The True Cost of Building an Audience

Here at Wicket Labs, we work hard to give our customers a more complete picture of their video business by combining data sources and delivering new insights based on that. One interesting observation that has emerged from this work is that we sometimes see trial acquisition being used interchangeably with customer acquisition, and this can be misleading.

Trial acquisition cost (TAC) is the average amount of money that a company spends to gain one new free trial user. This is an interesting number because it is a very good indicator of how effective marketing efforts are at convincing consumers to try your service. This is not the same as customer acquisition cost (CAC) which is the average amount of money that a company spends to gain one new paying customer. In other words, it’s a measure of how well marketing efforts target consumers that are willing to buy your service. In simple terms, TAC measures how well you sell your value proposition and CAC measures how well you deliver on it.

The difference between these two numbers is dictated by the conversion rate of trialists into paying customers. This is where the rubber hits the road. CAC gets proportionally larger than TAC as conversion rates get lower. Here’s where this gets interesting if you dig into the data: some campaigns are very low cost from a TAC perspective, but end up being expensive from a CAC perspective (the one that really matters) because they generate below average conversion rates.

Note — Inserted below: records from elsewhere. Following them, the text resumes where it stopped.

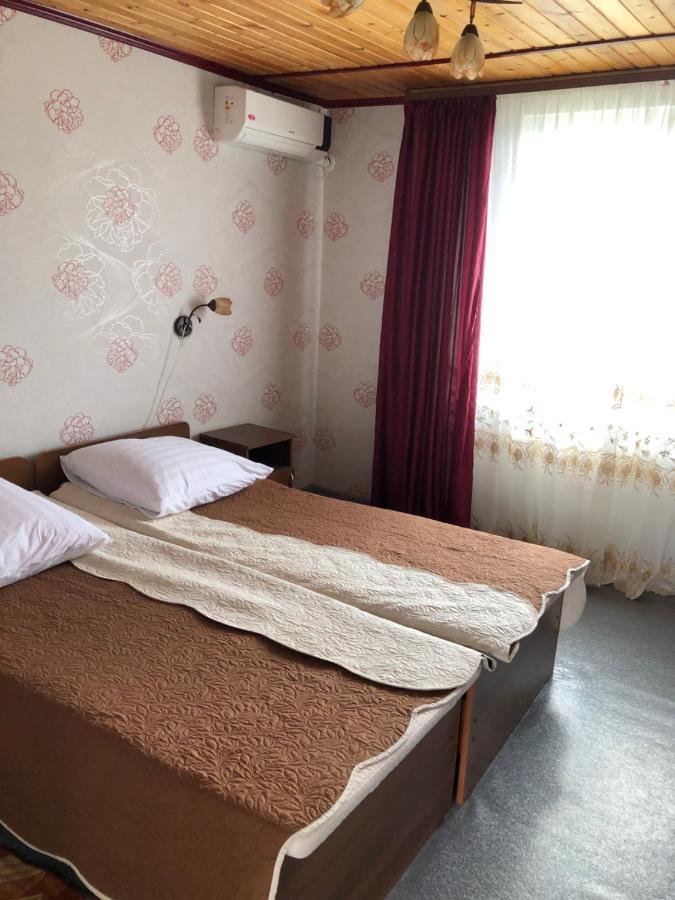 Kiwi Hotel Pizunda Ngoại thất bức ảnh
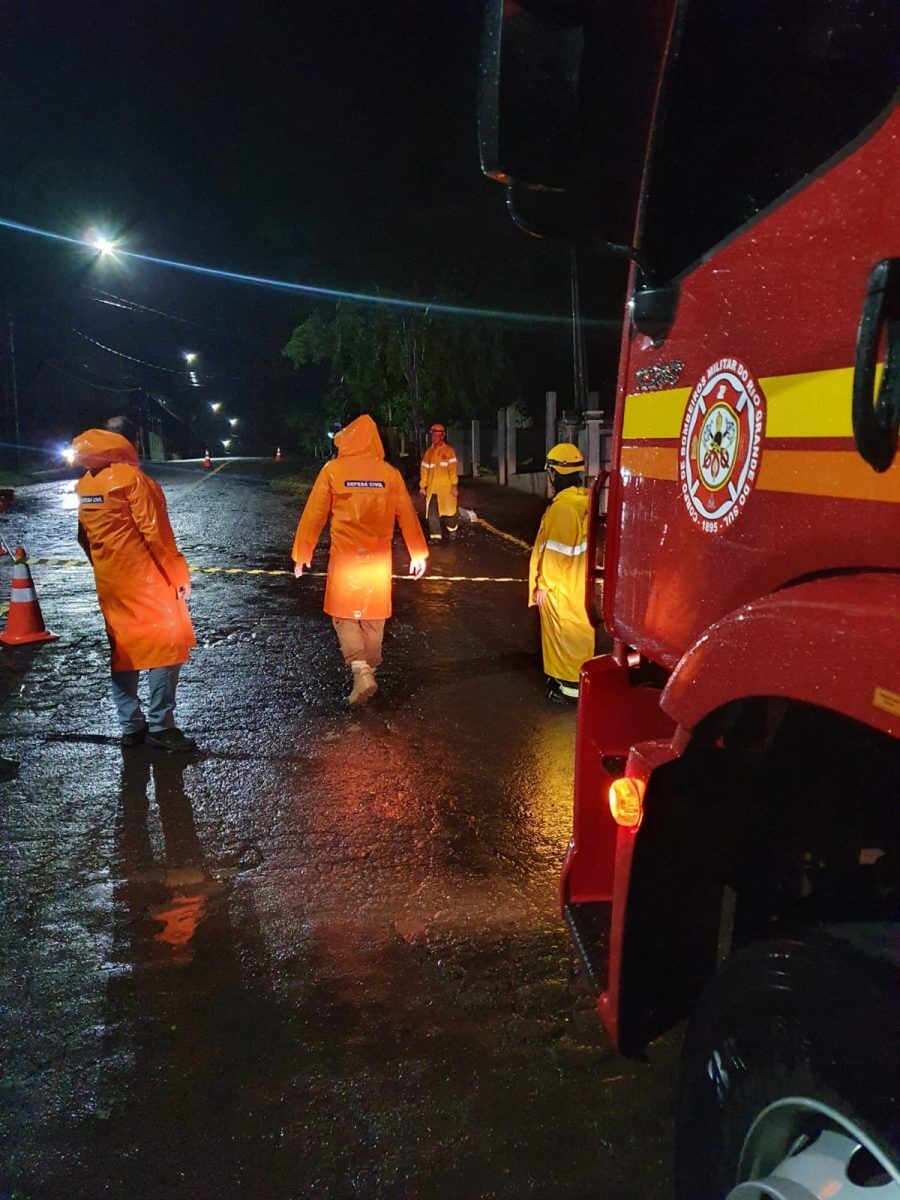 Temporal causa incidentes em Estrela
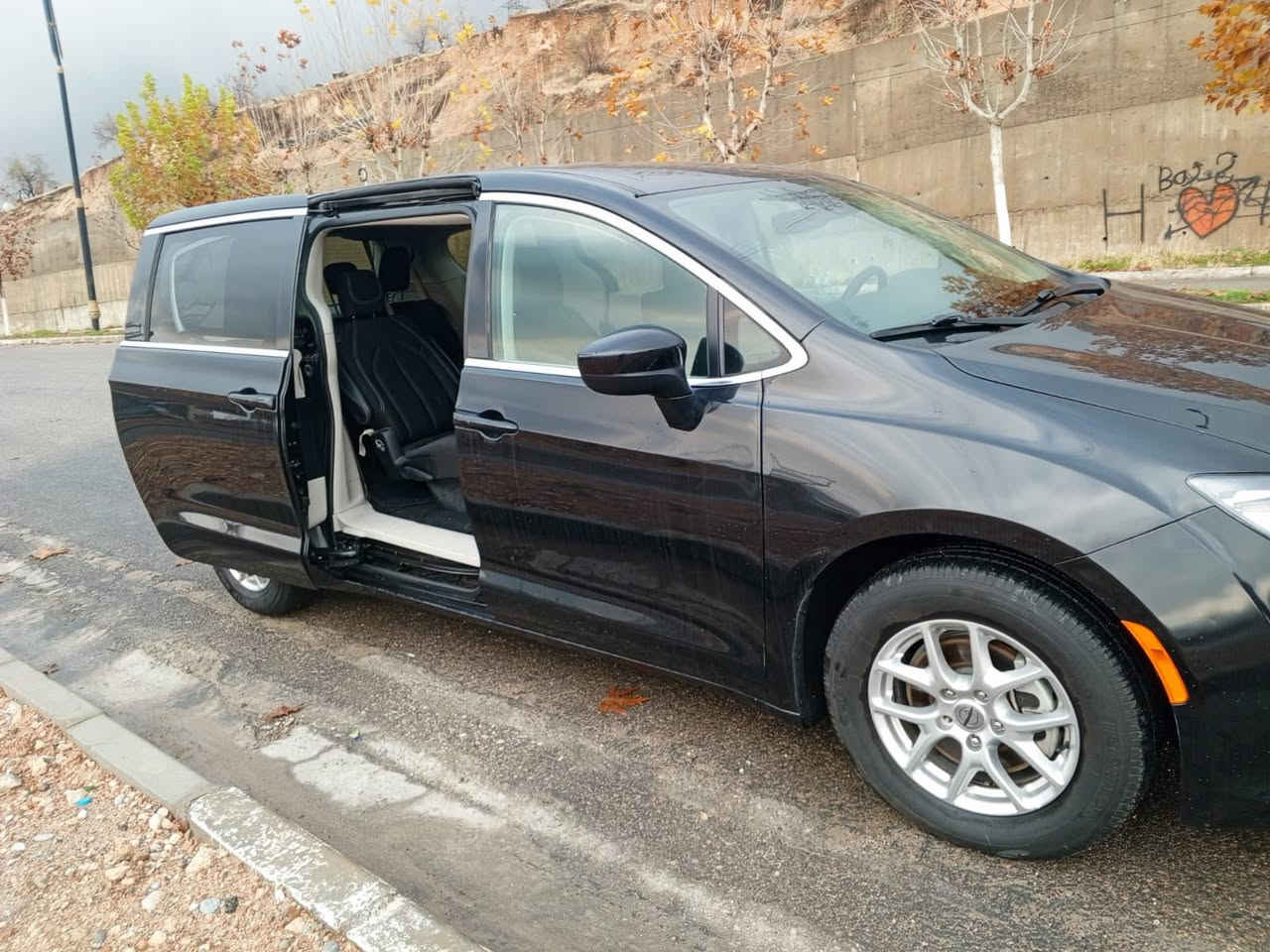 سيارة كرايسلر ميني فان، 2023 (
وصف المركبة 2C4RC1CG*PR
صنع كرايسلر
اسم الشركة المصنعة: FCA CANADA INC.
طراز فوياجر
موديل عام 2023
مدينة وندسور بلانت
كروب إل إكس
نوع المركبة: مركبة ركاب متعددة الأغراض (MPV)
بلد منشأ النبات: كندا
اسم الشركة: ويندسور أسيمبلي
حالة مصنع أونتاريو
سلسلة العربة الممتدة
نوع الجسم MPV
الوزن الإجمالي للمركبة من الفئة 2E: 6001 - 7000 رطل (2722 - 3175 كجم)
الحد الأقصى لوزن المركبة الإجمالي للفئة 2E: 6001 - 7000 رطل (2722 - 3175 كجم)
موقع عجلة القيادة: القيادة على اليسار (LHD)
نوع الدفع : دفع أمامي
نوع نظام الفرامل الهيدروليكي
عدد أسطوانات المحرك: 6
الإزاحة (سم مكعب) 3600.0
الإزاحة (CI) 219.69
الإزاحة (L) 3.6
نوع الوقود - بنزين أساسي
تصميم محرك على شكل حرف V
فرامل المحرك (حصان) ابتداءً من 287
شركة تصنيع المحركات FCA
نوع حزام الأمان: يدوي
معلومات أخرى حول نظام التقييد: أحزمة أمان نشطة
موقع الوسائد الهوائية الأمامية: الصف الأول (للسائق والراكب)
موقع الوسائد الهوائية الجانبية: جم
صبغ باب بخ أمريكي  نص جملوغ صبغ 
ماشي 70  mil
سعر 198$$
***********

We often see campaigns that focus on one piece of content highlight this delta between TAC and CAC. Customers are attracted by the alluring content, watch it, but don’t find anything else of interest, and leave before converting. With no intervention, this can end up being more expensive than expected. In the Wicket Scorecard, there’s an easy way to look at this:

Trial Drivers by Series chart

Fig. 1 – The Trial Drivers Wicket can be pivoted to see which genres, franchises, series, seasons, and titles are the first items people watch when signing up for a trial to your service.

What can you do to keep TAC as close to CAC as possible, or in other words increase your conversion rate, while still hitting your customer acquisition goals?

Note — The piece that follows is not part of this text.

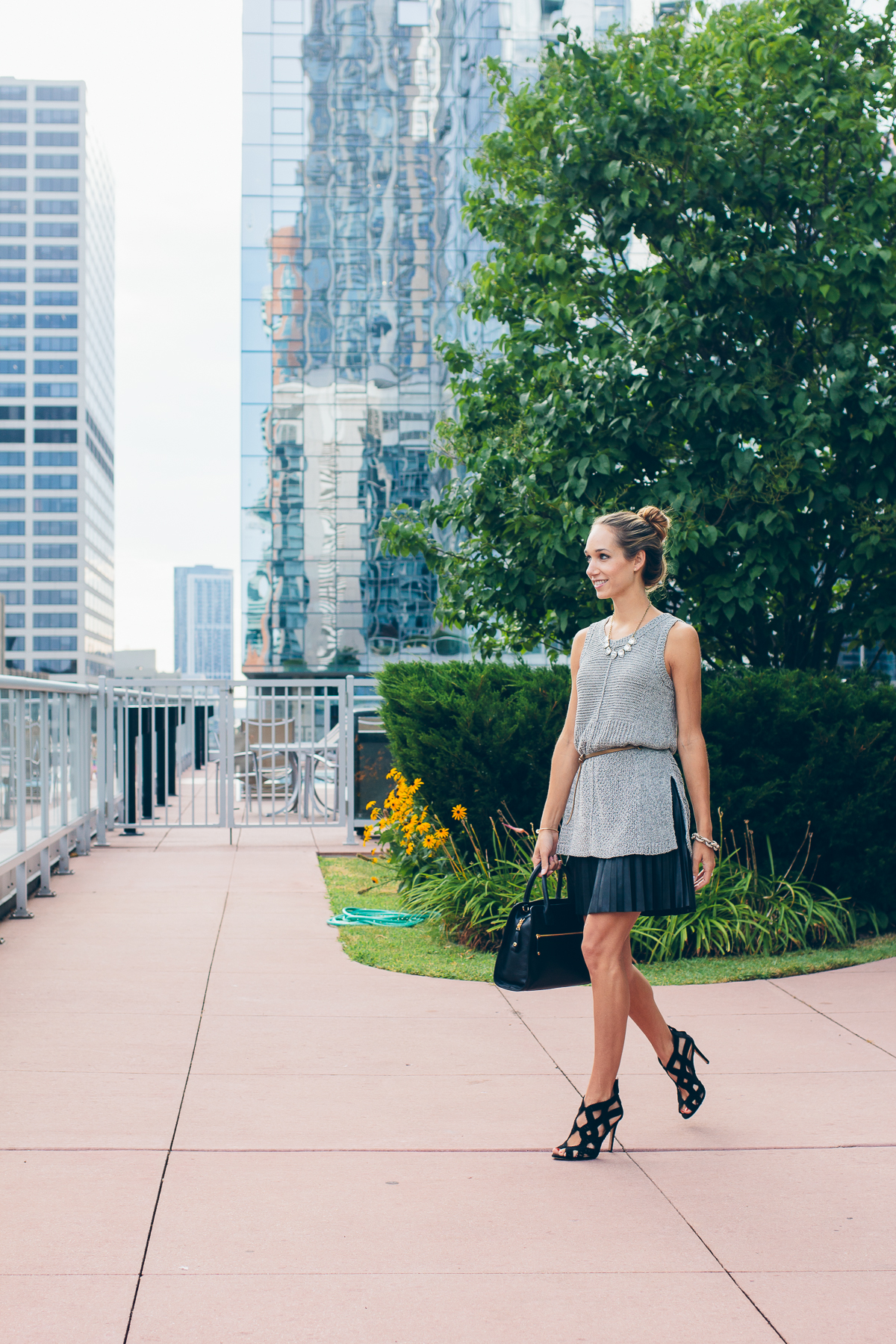 summer to fall outfit — via @TheFoxandShe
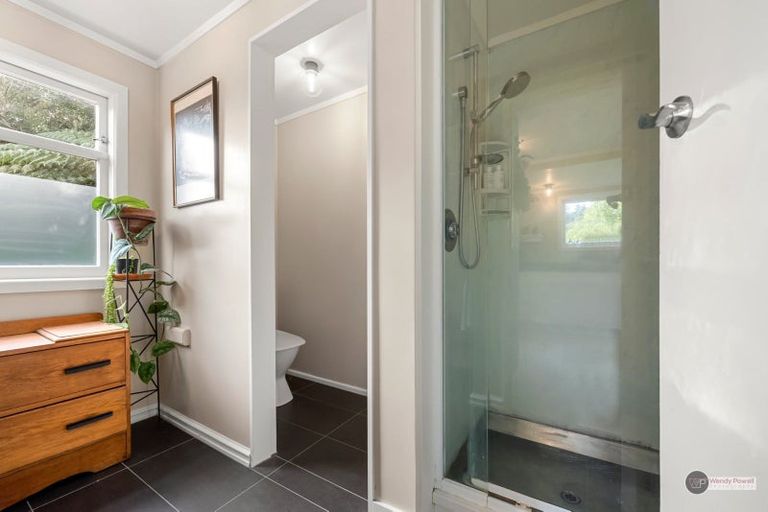 Photo of property in 166 Seddon Street, Naenae, Lower Hutt, 5011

The three numbers to pay attention to, are:

  1. TAC: how much is it costing you to fill your funnel?
  2. Volume of new trials: is your funnel big enough to meet your goals?

    You can see the combination of these numbers here:

    trial acquisition cost chart

    Fig. 2 – Trial Acquisition Cost Over Time is a quick way to see if your costs are trending where you expect them to be.

  3. Conversion %: Are you keeping CAC close to TAC and meeting your subscriber goals?

    You can look at Conversion and CAC together here:

    Free trial conv. % and CAC charts

    Fig. 3 – Free Trial Conversion Percent and Customer Acquisition Cost (CAC) KPIs

There are a few ways to intervene if the numbers aren’t adding up:

  1. Promote content with high entertainment value & highest correlation to conversion. These are easy things to see in the Wicket Scorecard, and easy to act on.
  2. Use look-alike campaigns to find the best target customers. By leveraging our Customer Happiness Index (CHI) scoring system, you can fill the top of your funnel with potential customers that are close approximations to your best customers. This, coupled with good content as a hook, is a very effective way to attract the right customers and improve both your conversion rate and lifetime value.
  3. Percent stalled trialists chart

    Fig. 4 – Percent Stalled Trialists KPI

    Connect trial users to relevant content early and often to help cement the value proposition. You can easily see who is stalled out in their trial…(Fig. 4)

…and intervene with good content suggestions to help them re-engage, and see more value in the service.